### TASK TO CARRY OUT
Going through the material below, output exactly the lines from the one containing "ക്യാമറകൾ വരുന്നു കുവൈത്തിലെ" through the one containing "Autumn at Changdeokgung palace", and no pictures.

### DATA FOR THIS TASK
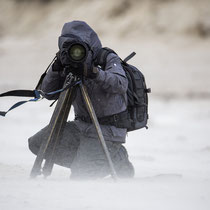 Andreas Keil versteckt und schützt sich und Material vor dem »Sandsturm«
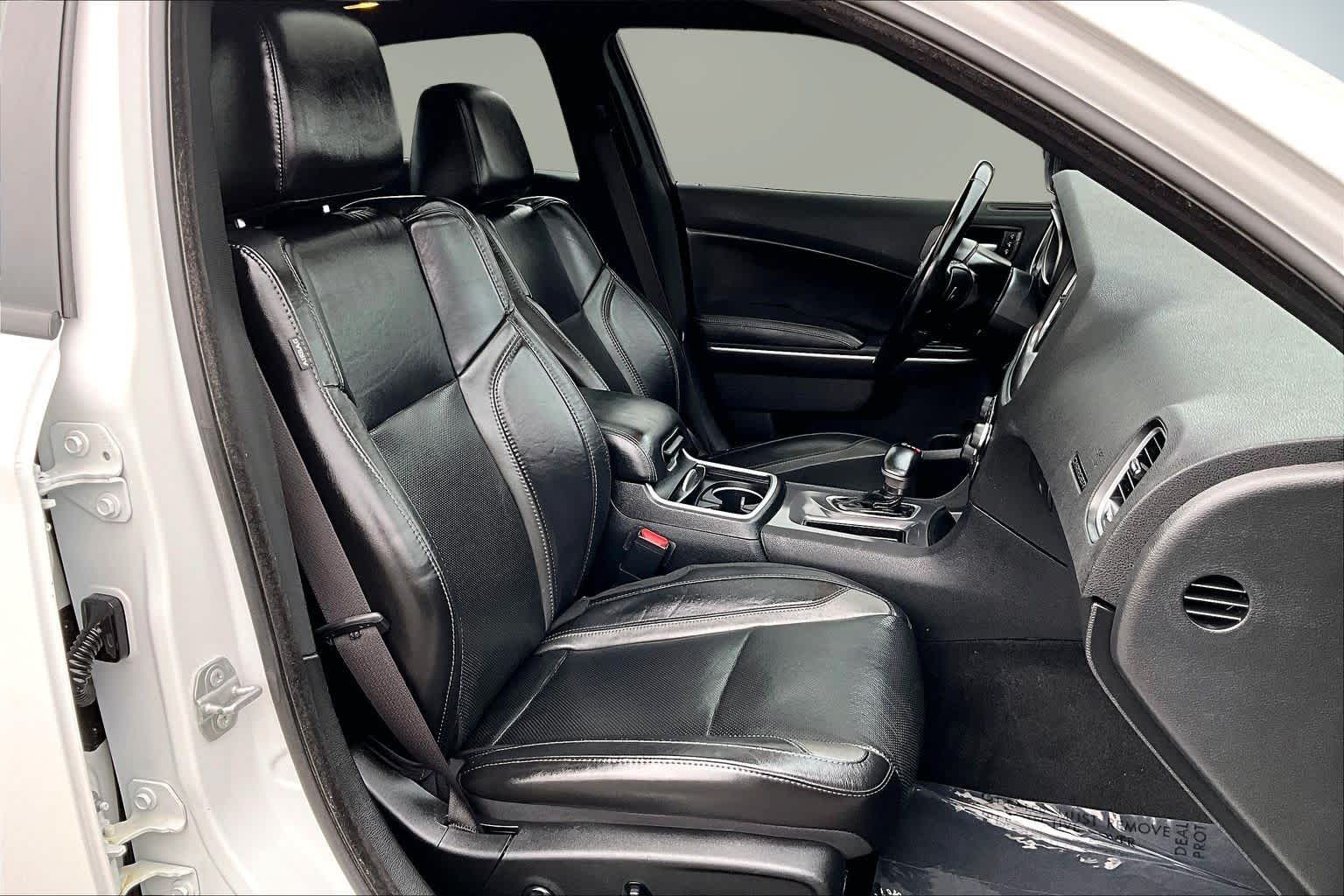 Thumbnail: 2020 Dodge Charger - 13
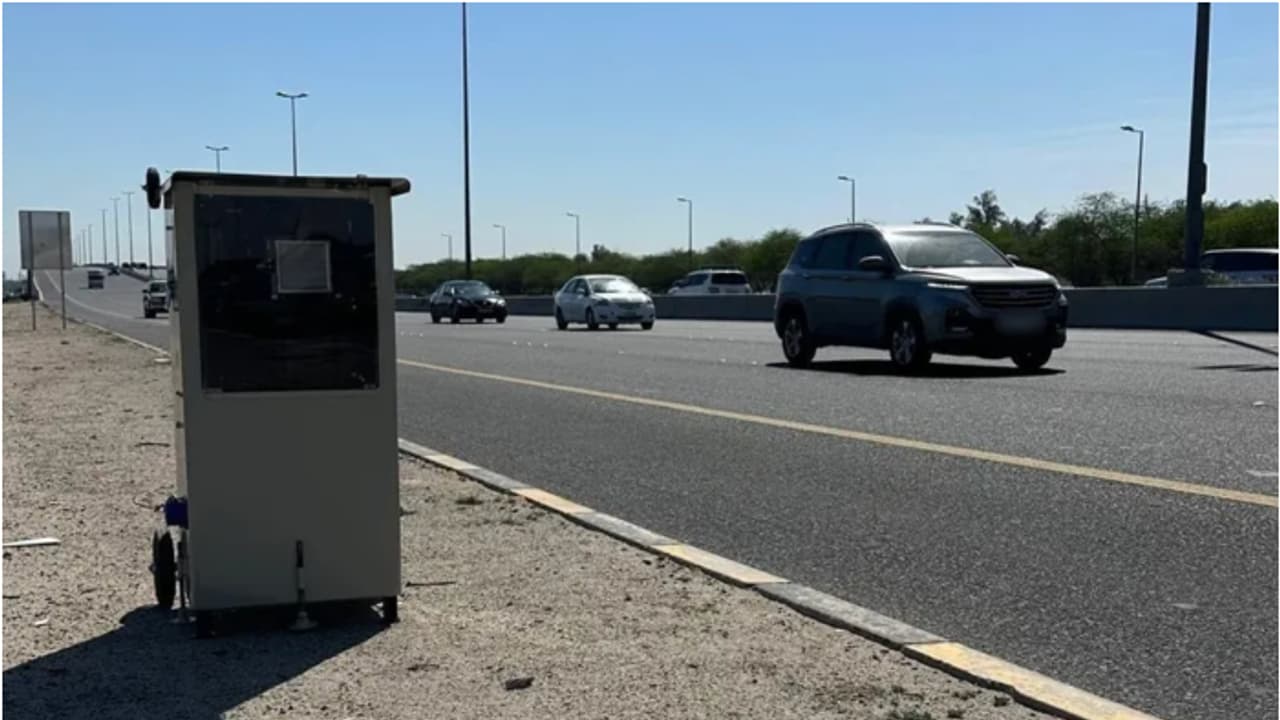 കുവൈത്തിലെ റോഡുകളിൽ നിയമലംഘനങ്ങൾ കണ്ടെത്താൻ പോർട്ടബിൾ ക്യാമറകൾ വരുന്നു കുവൈത്തിലെ റോഡുകളിൽ നിയമലംഘനങ്ങൾ കണ്ടെത്താൻ പോർട്ടബിൾ ക്യാമറകൾ വരുന്നു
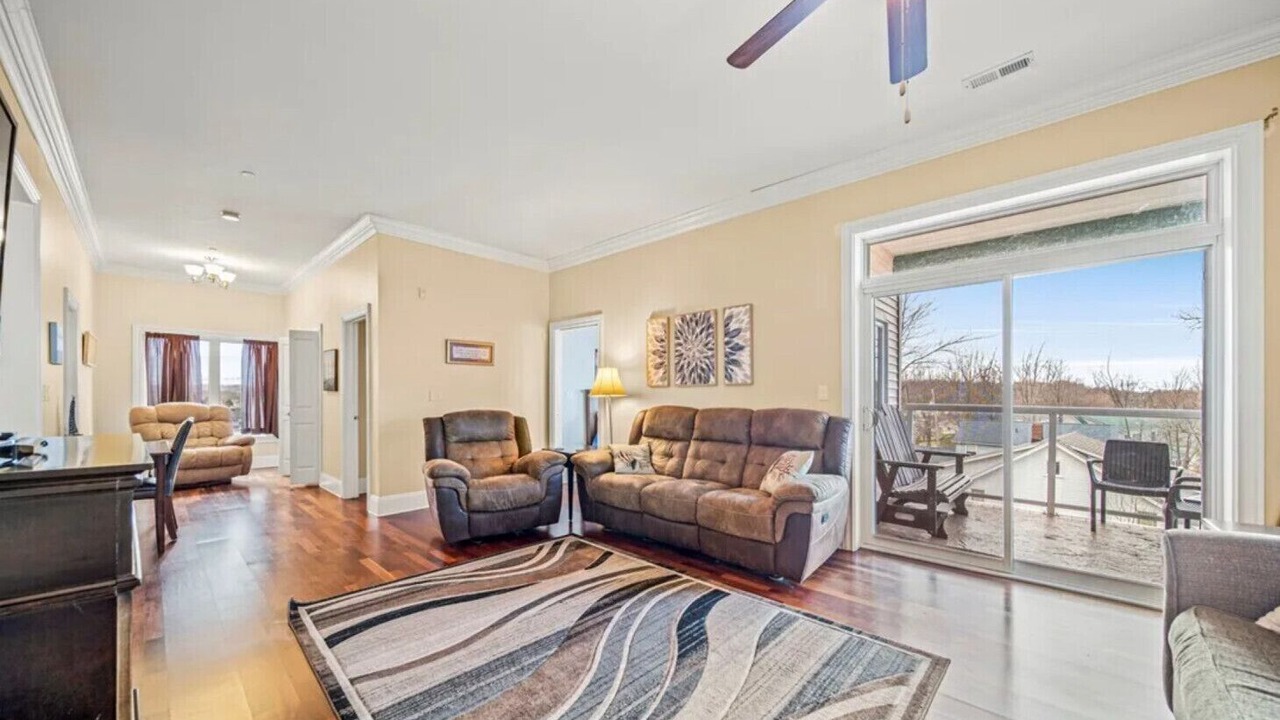 Photo of Livingroom in Geneva-on-the-Lake
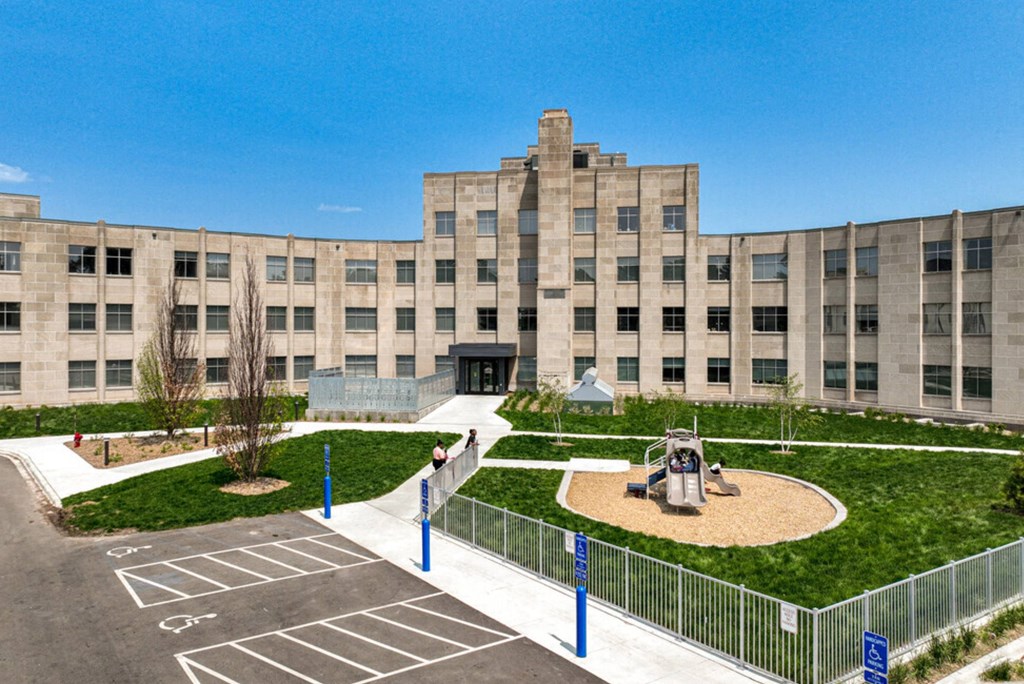 Amber Union Exterior, Falcon Heights, Minnesota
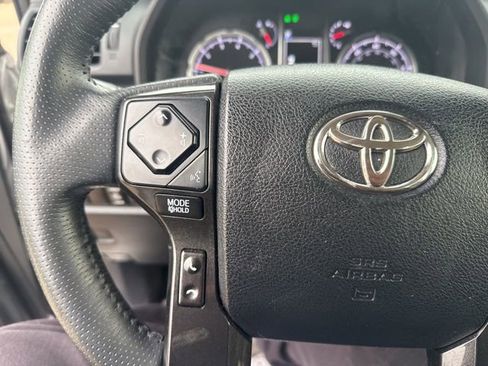 Used 2022 Toyota 4Runner TRD Off-Road Premium AWD/4WD image 15
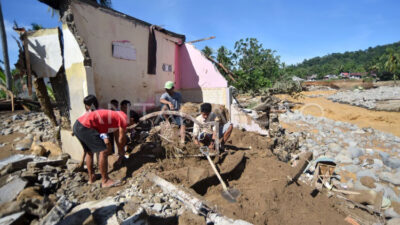 kerugian-banjir-padang-tembus-rp202,8-miliar,-empat-jembatan-putus-–-times-banyuwangi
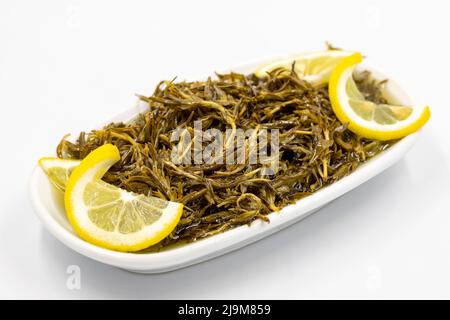 Timo di montagna con salsa. Timo di olio d'oliva naturale per colazione su sfondo bianco isolato. Cibo sano. Primo piano Foto Stock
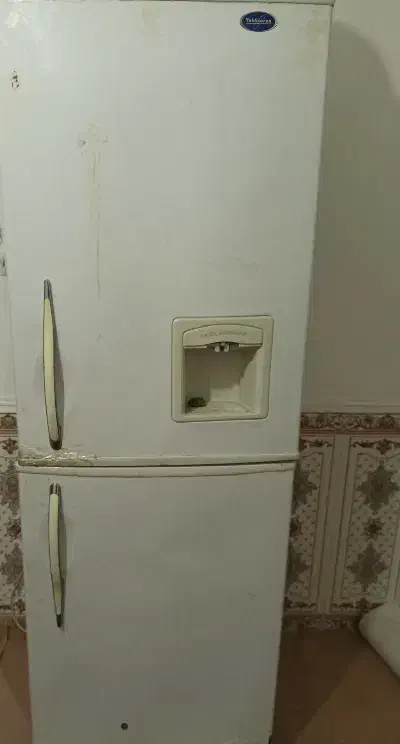 یخچال|یخچال و فریزر|خرمشهر, |دیوار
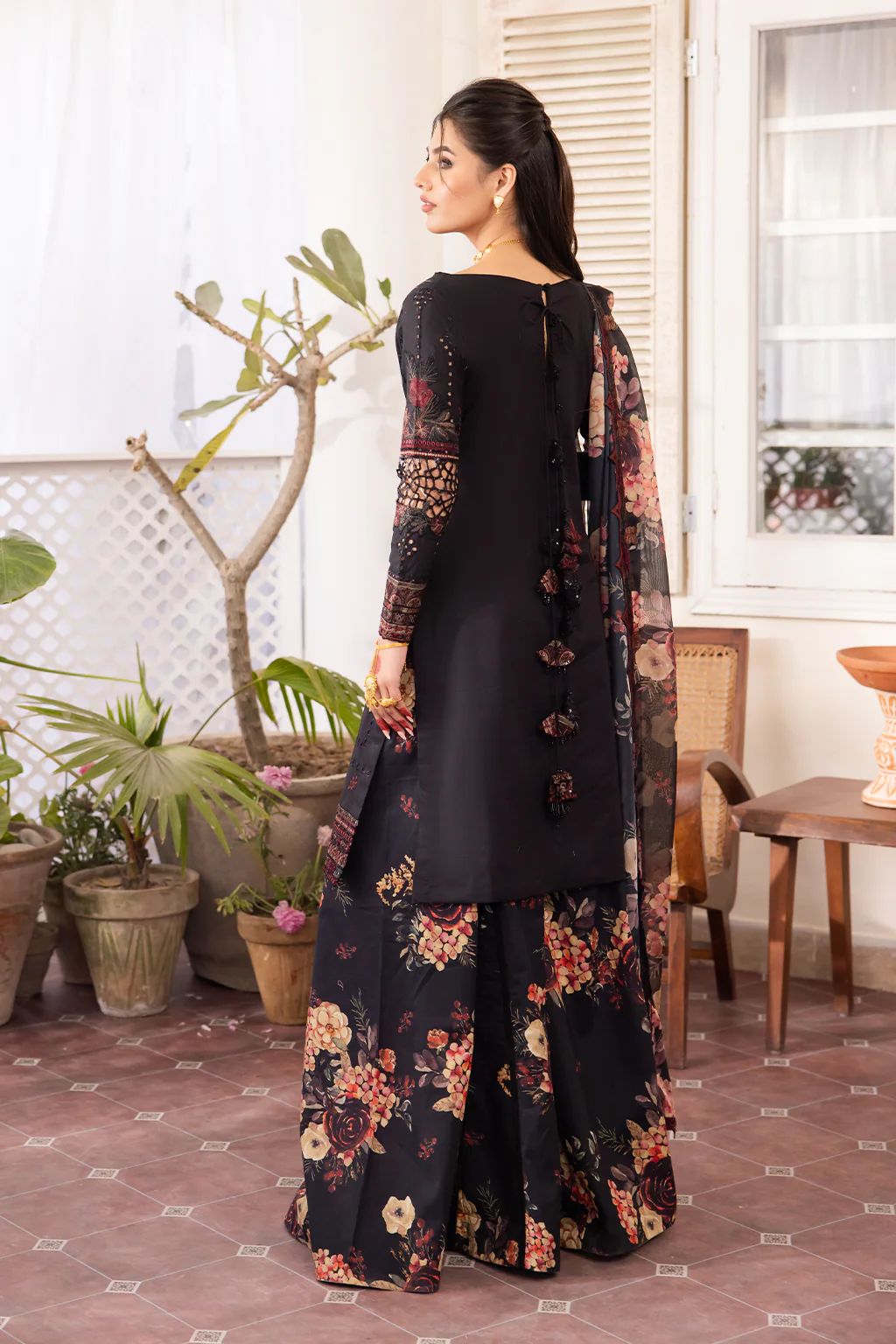 NKG-01 EMBROIDERED LAWN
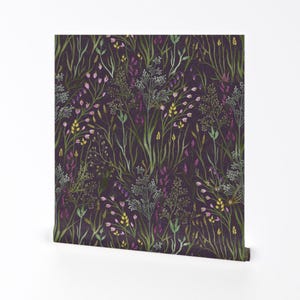 紫色の草の壁紙 - Gaiamarfurt の Wildgrass - Spoonflower の紫色の緑の草原の自然フィールドの取り外し可能な粘着壁紙ロール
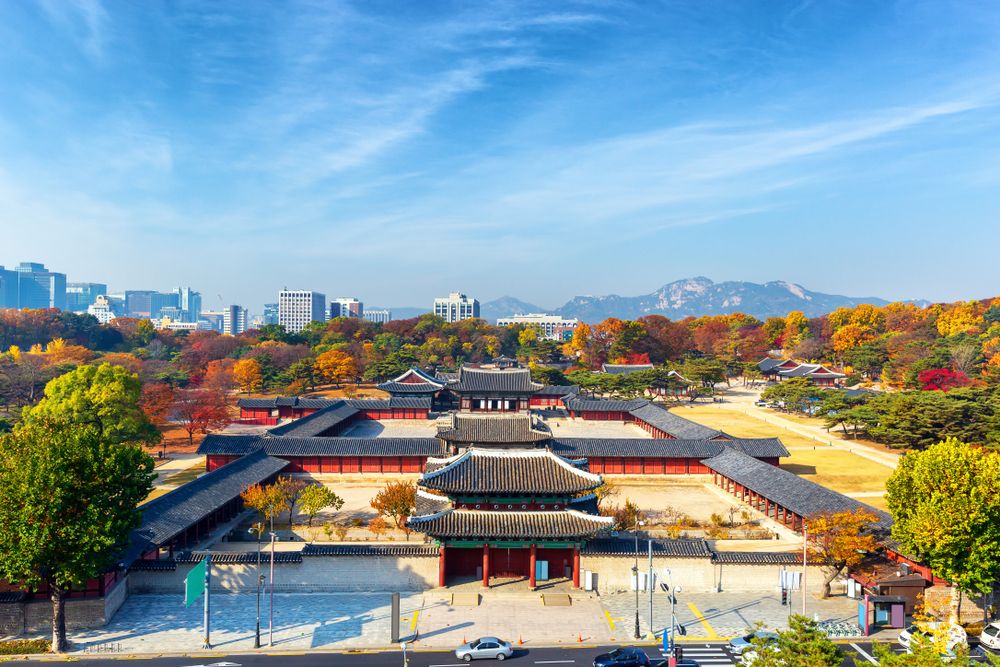 Autumn at Changdeokgung palace 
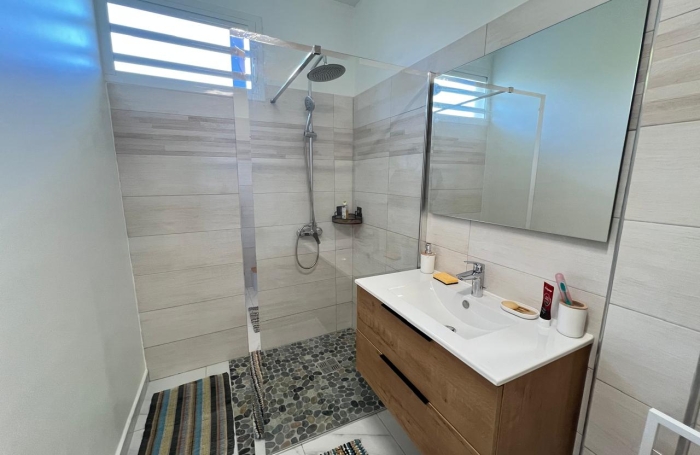 Maison r&eacute;nov&eacute;e 3 chambres au Moule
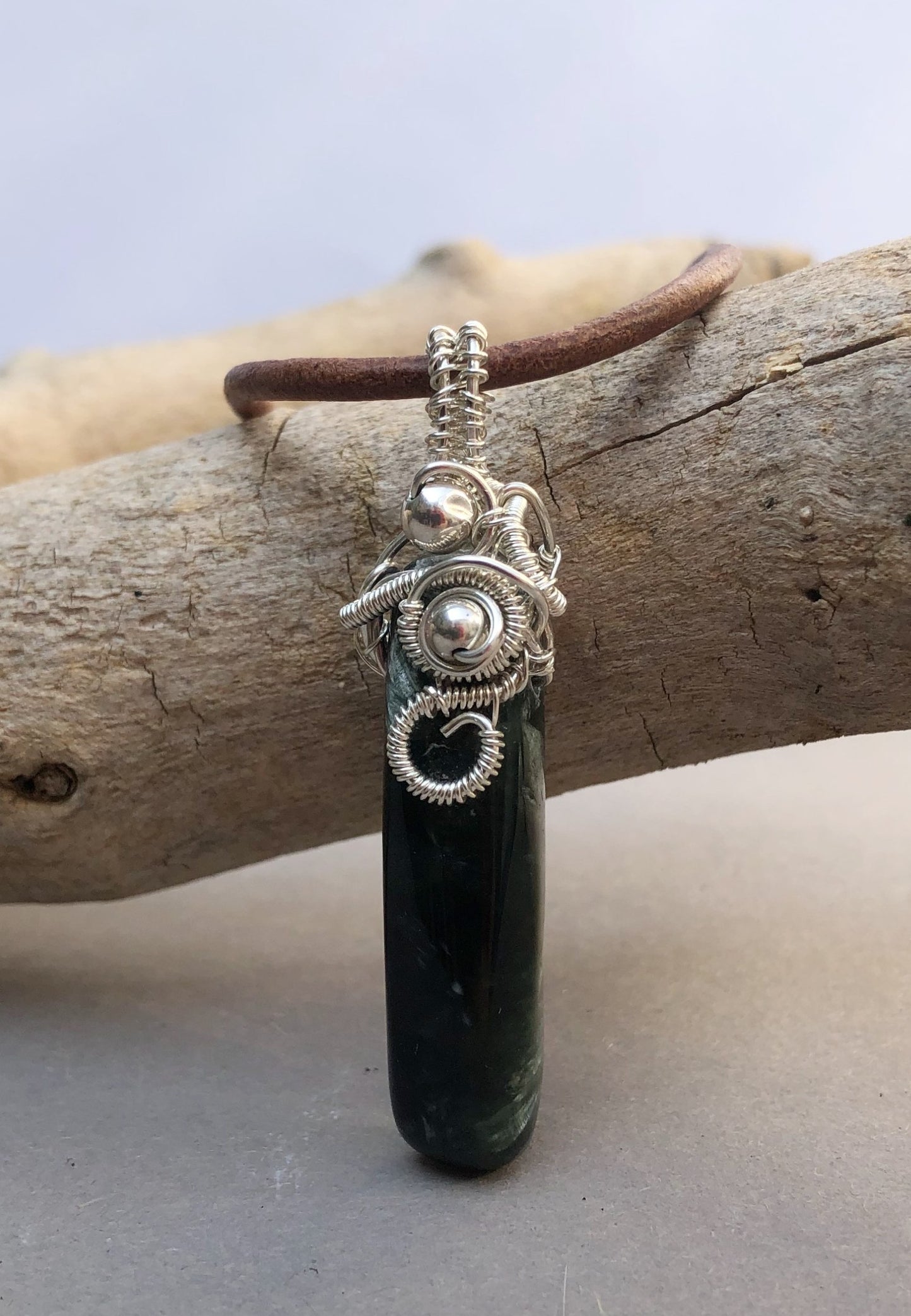 Leren heren ketting met natuursteen Serafiniet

### REPLY
 കുവൈത്തിലെ റോഡുകളിൽ നിയമലംഘനങ്ങൾ കണ്ടെത്താൻ പോർട്ടബിൾ ക്യാമറകൾ വരുന്നു കുവൈത്തിലെ റോഡുകളിൽ നിയമലംഘനങ്ങൾ കണ്ടെത്താൻ പോർട്ടബിൾ ക്യാമറകൾ വരുന്നു
 Photo of Livingroom in Geneva-on-the-Lake
 Amber Union Exterior, Falcon Heights, Minnesota
 Used 2022 Toyota 4Runner TRD Off-Road Premium AWD/4WD image 15
 kerugian-banjir-padang-tembus-rp202,8-miliar,-empat-jembatan-putus-–-times-banyuwangi
 Timo di montagna con salsa. Timo di olio d'oliva naturale per colazione su sfondo bianco isolato. Cibo sano. Primo piano Foto Stock
 یخچال|یخچال و فریزر|خرمشهر, |دیوار
 NKG-01 EMBROIDERED LAWN
 紫色の草の壁紙 - Gaiamarfurt の Wildgrass - Spoonflower の紫色の緑の草原の自然フィールドの取り外し可能な粘着壁紙ロール
 Autumn at Changdeokgung palace 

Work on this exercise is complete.